Your objective: Repeat the entries exactly. Leave nothing out.

The records:
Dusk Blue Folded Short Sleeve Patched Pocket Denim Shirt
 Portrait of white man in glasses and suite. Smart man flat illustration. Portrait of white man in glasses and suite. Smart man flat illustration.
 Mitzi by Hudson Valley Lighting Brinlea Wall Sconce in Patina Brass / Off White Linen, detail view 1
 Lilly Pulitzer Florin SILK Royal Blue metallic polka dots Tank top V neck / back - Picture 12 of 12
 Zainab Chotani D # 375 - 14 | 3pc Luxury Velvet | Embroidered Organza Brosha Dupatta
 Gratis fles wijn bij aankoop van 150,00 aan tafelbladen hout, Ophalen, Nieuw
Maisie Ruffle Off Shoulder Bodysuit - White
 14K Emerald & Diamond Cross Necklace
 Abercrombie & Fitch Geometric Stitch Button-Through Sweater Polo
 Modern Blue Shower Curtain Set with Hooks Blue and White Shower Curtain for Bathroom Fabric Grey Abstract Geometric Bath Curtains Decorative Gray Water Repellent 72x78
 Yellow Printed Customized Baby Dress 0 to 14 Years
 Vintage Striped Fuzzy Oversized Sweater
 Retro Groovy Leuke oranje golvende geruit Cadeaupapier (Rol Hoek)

Response to this task:
Dusk Blue Folded Short Sleeve Patched Pocket Denim Shirt
 Portrait of white man in glasses and suite. Smart man flat illustration. Portrait of white man in glasses and suite. Smart man flat illustration.
 Mitzi by Hudson Valley Lighting Brinlea Wall Sconce in Patina Brass / Off White Linen, detail view 1
 Lilly Pulitzer Florin SILK Royal Blue metallic polka dots Tank top V neck / back - Picture 12 of 12
 Zainab Chotani D # 375 - 14 | 3pc Luxury Velvet | Embroidered Organza Brosha Dupatta
 Gratis fles wijn bij aankoop van 150,00 aan tafelbladen hout, Ophalen, Nieuw
Maisie Ruffle Off Shoulder Bodysuit - White
 14K Emerald & Diamond Cross Necklace
 Abercrombie & Fitch Geometric Stitch Button-Through Sweater Polo
 Modern Blue Shower Curtain Set with Hooks Blue and White Shower Curtain for Bathroom Fabric Grey Abstract Geometric Bath Curtains Decorative Gray Water Repellent 72x78
 Yellow Printed Customized Baby Dress 0 to 14 Years
 Vintage Striped Fuzzy Oversized Sweater
 Retro Groovy Leuke oranje golvende geruit Cadeaupapier (Rol Hoek)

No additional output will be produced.